[MPlayer-dev-eng] New opensourced video codec NODAEMON

Sun Jul 25 22:45:30 CEST 2004

On Thu, 22 Jul 2004 22:06:33 +0900
Attila Kinali <attila at kinali.ch> wrote:

> On Tue, May 11, 2004 at 02:57:16PM +0200, Tomas Mraz wrote:
> > http://sourceforge.net/projects/dirac
> Has someone had a look at this ?

It's a work in progress.
At the moment the quality is good (similar to divx, I'd say), but
the speed is very low because the algorithm is complex and the code
not optimized (less than 1fps in my tests).
Very promising, nonetheless.
In a few words: divx is motion compensation+DCT, dirac is
motion compensation+wavelet (a better motion compensation, indeed).

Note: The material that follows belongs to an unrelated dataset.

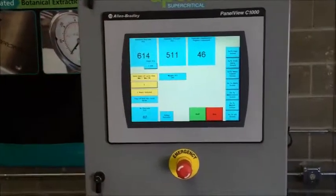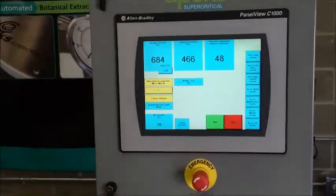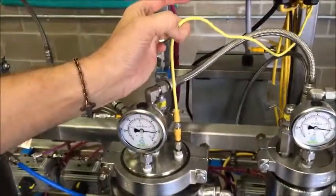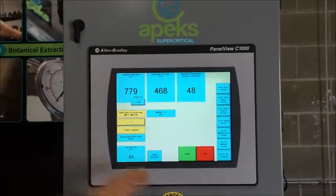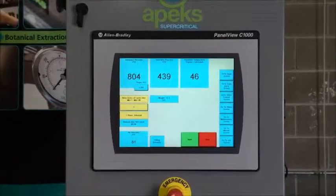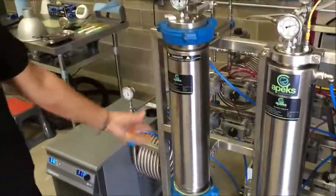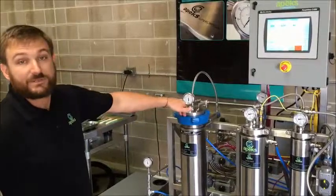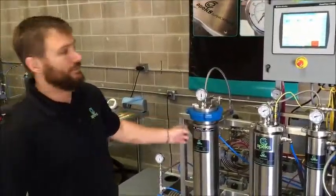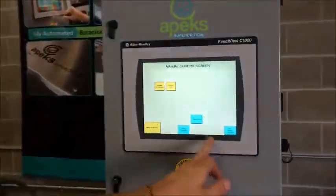Now as you can see up here, it's showing that it's filling the extractor. Here's our extractor pressure — this corresponds to this extractor over here. We have our separator pressure, which corresponds to both of our separators because they're tied together. Up here we have separator temperature, corresponding to the temperature inside our separator. Once this pressure reaches our set point, it will then go into forward or reverse flow mode — that just means the CO2 is either entering the top of the extraction vessel and leaving the bottom, or entering the bottom and leaving the top. Every run, the flow direction changes to keep the filters on the top and bottom from clogging.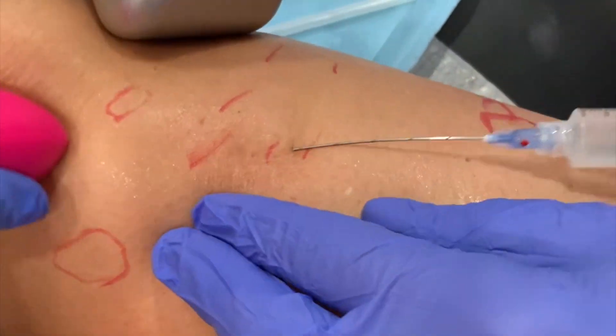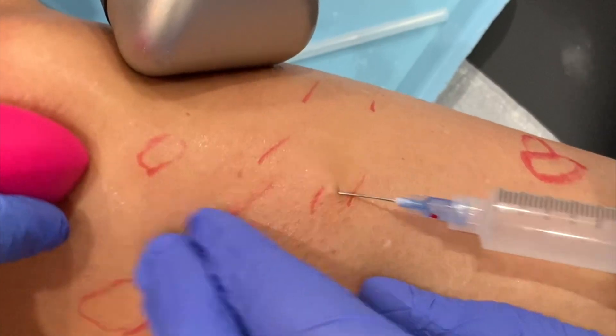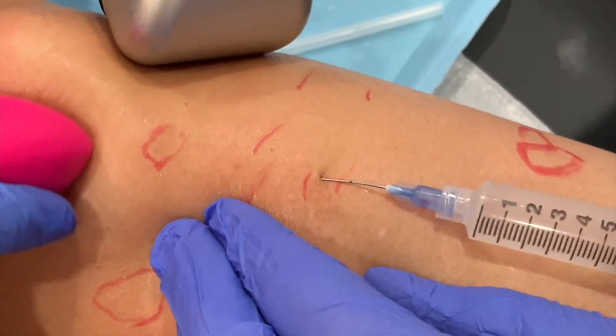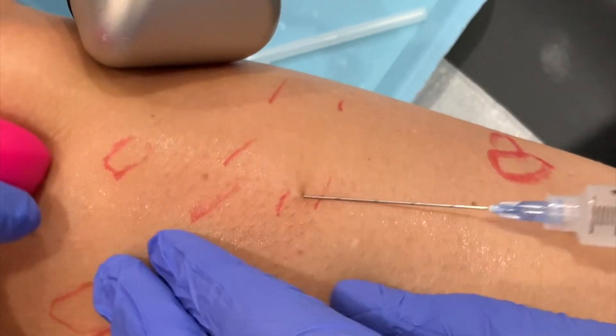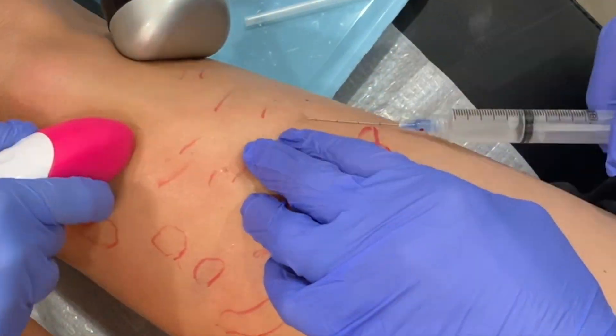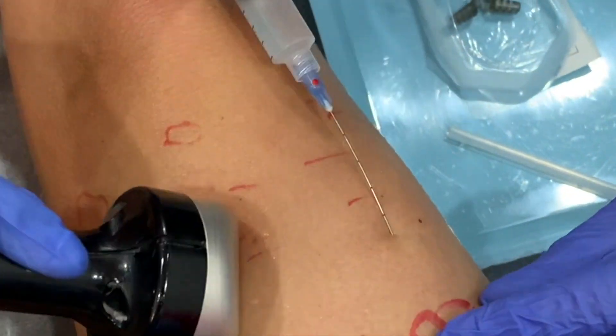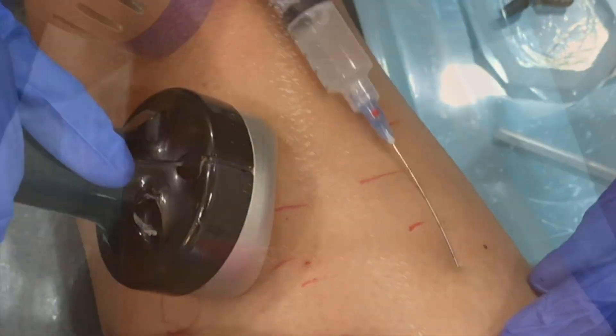You can see in the background that my assistant is using a cold device called Artec, which keeps the skin temperature at approximately 40 degrees Fahrenheit, and a vibration as well. This keeps the patient very comfortable. There should be absolutely no downtime with this procedure besides slight bruising.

> And while we are at this, does someone know a good
> (meaning easy to understand but complete) introduction to
> wavelet based auido/video coding ?

I've some experience on the matter.
What I've found is that the wavelet theory can be approached
either in a purely mathematical style (talking about "mother wavelet"
and "infinite series") or in a digital signal processing style
(talking about "filters" and "resampling").

More documentation can be found on the first approach, but the
second approach is IMNSHO easier to understand for people with
a dsp background (that is, with knowledge on band-limited signals,
sampling, filters, frequency domain).

I don't have a link to a good introduction, but the idea is extremely
simple.

1) Consider a sampled monodimensional signal (e.g. audio); you have
N numbers.

2) Apply a low pass filter (let's call it L1) and a high pass filter (H1);
you have two sequences of N numbers.

3) As these two sequences are oversampled, discard every second sample;
you have two sequences of N/2 numbers (so N numbers again, overall).

Now the important part: the two sequences of N/2 numbers are equivalent
to the original sequence, because you can:

4) Oversample them inserting a zero after each of the samples;
you have two sequences of N numbers.

5) Apply a low pass filter (L2) to the first one, a high pass filter (H2)
to the second one; you have two sequences of N numbers.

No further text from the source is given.